To install Unsloth on your own computer, follow the installation instructions on our Github page [here](https://github.com/unslothai/unsloth?tab=readme-ov-file#-installation-instructions).

You will learn how to do [data prep](#Data), how to [train](#Train), how to [run the model](#Inference), & [how to save it](#Save) (eg for Llama.cpp).

[NEW] Llama-3.1 8b, 70b & 405b are trained on a crazy 15 trillion tokens with 128K long context lengths!

**[NEW] Try 2x faster inference in a free Colab for Llama-3.1 8b Instruct [here](https://colab.research.google.com/drive/1T-YBVfnphoVc8E2E854qF3jdia2Ll2W2?usp=sharing)**

In [None]:
%%capture
!pip install unsloth
# Also get the latest nightly Unsloth!
!pip uninstall unsloth -y && pip install --upgrade --no-cache-dir "unsloth[colab-new] @ git+https://github.com/unslothai/unsloth.git"

* We support Llama, Mistral, Phi-3, Gemma, Yi, DeepSeek, Qwen, TinyLlama, Vicuna, Open Hermes etc
* We support 16bit LoRA or 4bit QLoRA. Both 2x faster.
* `max_seq_length` can be set to anything, since we do automatic RoPE Scaling via [kaiokendev's](https://kaiokendev.github.io/til) method.
* [**NEW**] We make Gemma-2 9b / 27b **2x faster**! See our [Gemma-2 9b notebook](https://colab.research.google.com/drive/1vIrqH5uYDQwsJ4-OO3DErvuv4pBgVwk4?usp=sharing)
* [**NEW**] To finetune and auto export to Ollama, try our [Ollama notebook](https://colab.research.google.com/drive/1WZDi7APtQ9VsvOrQSSC5DDtxq159j8iZ?usp=sharing)
* [**NEW**] We make Mistral NeMo 12B 2x faster and fit in under 12GB of VRAM! [Mistral NeMo notebook](https://colab.research.google.com/drive/17d3U-CAIwzmbDRqbZ9NnpHxCkmXB6LZ0?usp=sharing)

In [None]:
from unsloth import FastLanguageModel
import torch
max_seq_length = 2048 # Choose any! We auto support RoPE Scaling internally!
dtype = None # None for auto detection. Float16 for Tesla T4, V100, Bfloat16 for Ampere+
load_in_4bit = False # Use 4bit quantization to reduce memory usage.
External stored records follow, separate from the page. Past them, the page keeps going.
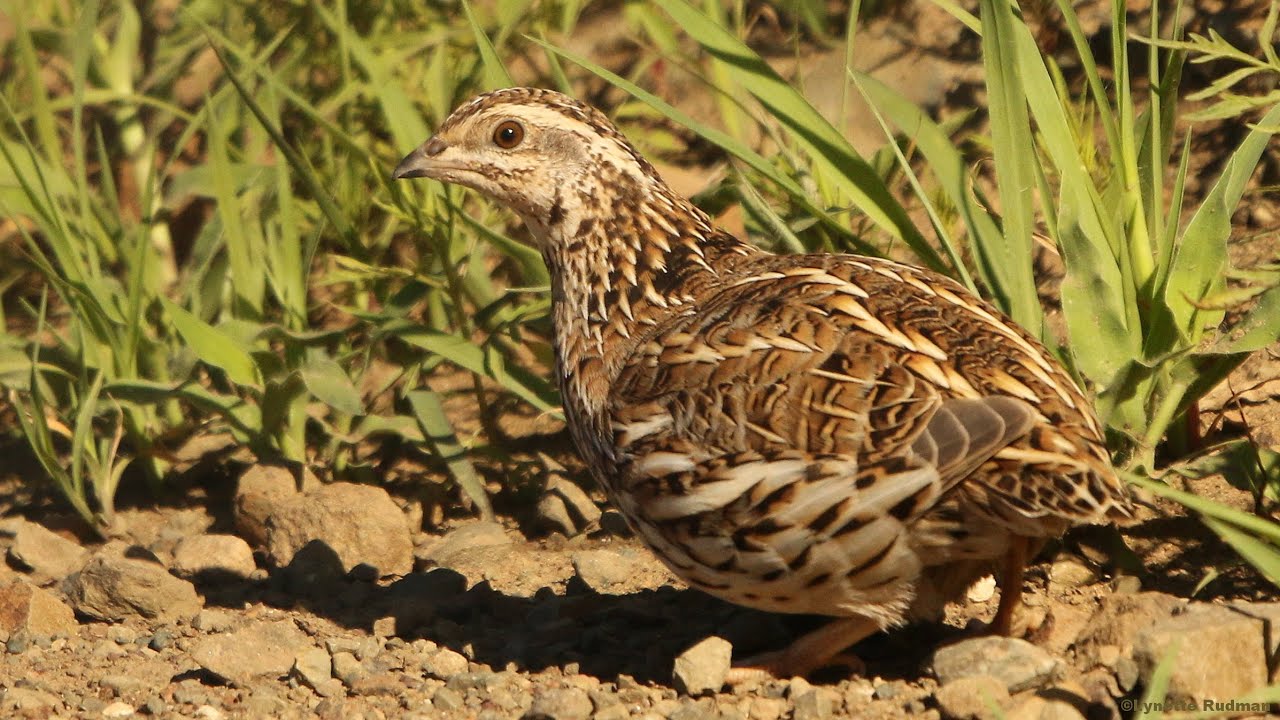 Common Quail calls of the male and female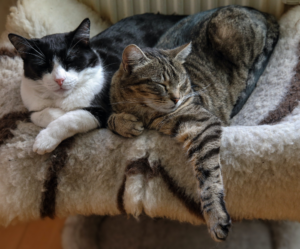 Katten ontspannen in hun hangmat
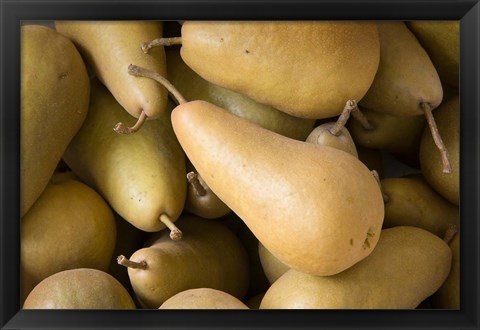 Framed Canada, British Columbia, Cowichan Valley Close-Up Of Harvested Pears Print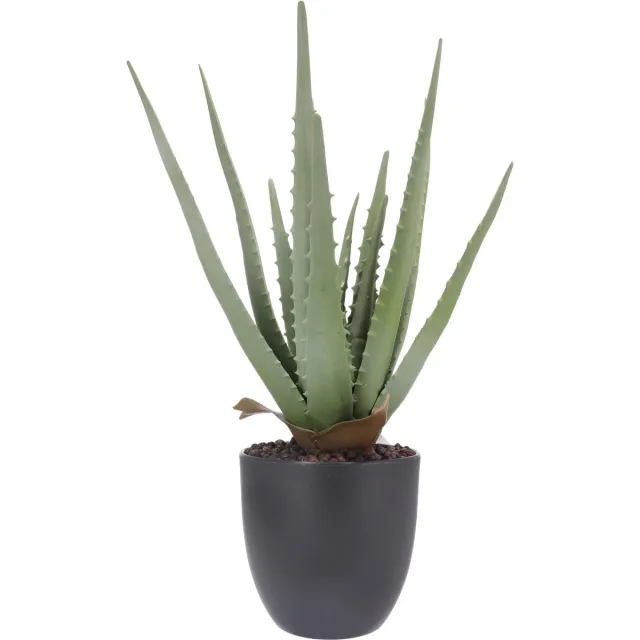 Jumi Kunstplant Aloë in pot 45 cm hoog, groen, LIKE A LIFE decoratie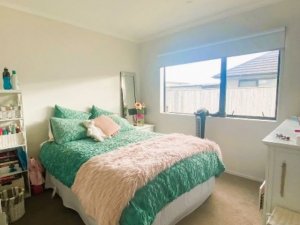 94426_1722288522_thb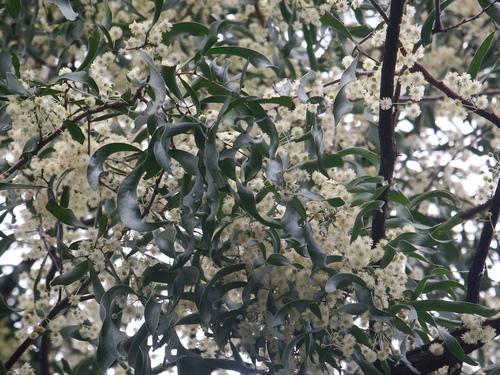Acacia fasciculifera F.Muell. ex Benth.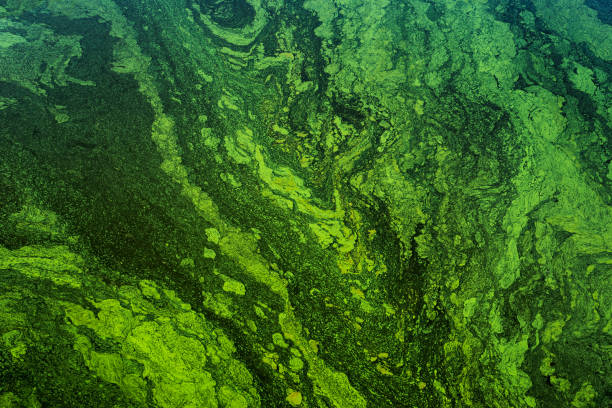 istock toxic green algae on the surface of the water 1137765771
Can be False.

# 4bit pre quantized models we support for 4x faster downloading + no OOMs.
fourbit_models = [
    "unsloth/Meta-Llama-3.1-8B-bnb-4bit",      # Llama-3.1 15 trillion tokens model 2x faster!
    "unsloth/Meta-Llama-3.1-8B-Instruct-bnb-4bit",
    "unsloth/Meta-Llama-3.1-70B-bnb-4bit",
    "unsloth/Meta-Llama-3.1-405B-bnb-4bit",    # We also uploaded 4bit for 405b!
    "unsloth/Mistral-Nemo-Base-2407-bnb-4bit", # New Mistral 12b 2x faster!
    "unsloth/Mistral-Nemo-Instruct-2407-bnb-4bit",
    "unsloth/mistral-7b-v0.3-bnb-4bit",        # Mistral v3 2x faster!
    "unsloth/mistral-7b-instruct-v0.3-bnb-4bit",
    "unsloth/Phi-3.5-mini-instruct",           # Phi-3.5 2x faster!
    "unsloth/Phi-3-medium-4k-instruct",
    "unsloth/gemma-2-9b-bnb-4bit",
    "unsloth/gemma-2-27b-bnb-4bit",            # Gemma 2x faster!
] # More models at https://huggingface.co/unsloth

model, tokenizer = FastLanguageModel.from_pretrained(
    model_name = "unsloth/Meta-Llama-3.1-8B-Instruct",
    max_seq_length = max_seq_length,
    dtype = dtype,
    load_in_4bit = load_in_4bit,
    # token = "hf_...", # use one if using gated models like meta-llama/Llama-2-7b-hf
)

We now add LoRA adapters so we only need to update 1 to 10% of all parameters!

In [None]:
model = FastLanguageModel.get_peft_model(
    model,
    r = 8, # Choose any number > 0 ! Suggested 8, 16, 32, 64, 128
    target_modules = ["q_proj", "k_proj", "v_proj", "o_proj",
                      "gate_proj", "up_proj", "down_proj",],
    lora_alpha = 8,
    lora_dropout = 0, # Supports any, but = 0 is optimized
    bias = "none",    # Supports any, but = "none" is optimized
    # [NEW] "unsloth" uses 30% less VRAM, fits 2x larger batch sizes!
    use_gradient_checkpointing = "unsloth", # True or "unsloth" for very long context
    random_state = 3407,
    use_rslora = False,  # We support rank stabilized LoRA
    loftq_config = None, # And LoftQ
)

In [None]:
from google.colab import drive
drive.mount('/content/drive')

<a name="Data"></a>
### Data Prep
We now use the Alpaca dataset from [yahma](https://huggingface.co/datasets/yahma/alpaca-cleaned), which is a filtered version of 52K of the original [Alpaca dataset](https://crfm.stanford.edu/2023/03/13/alpaca.html). You can replace this code section with your own data prep.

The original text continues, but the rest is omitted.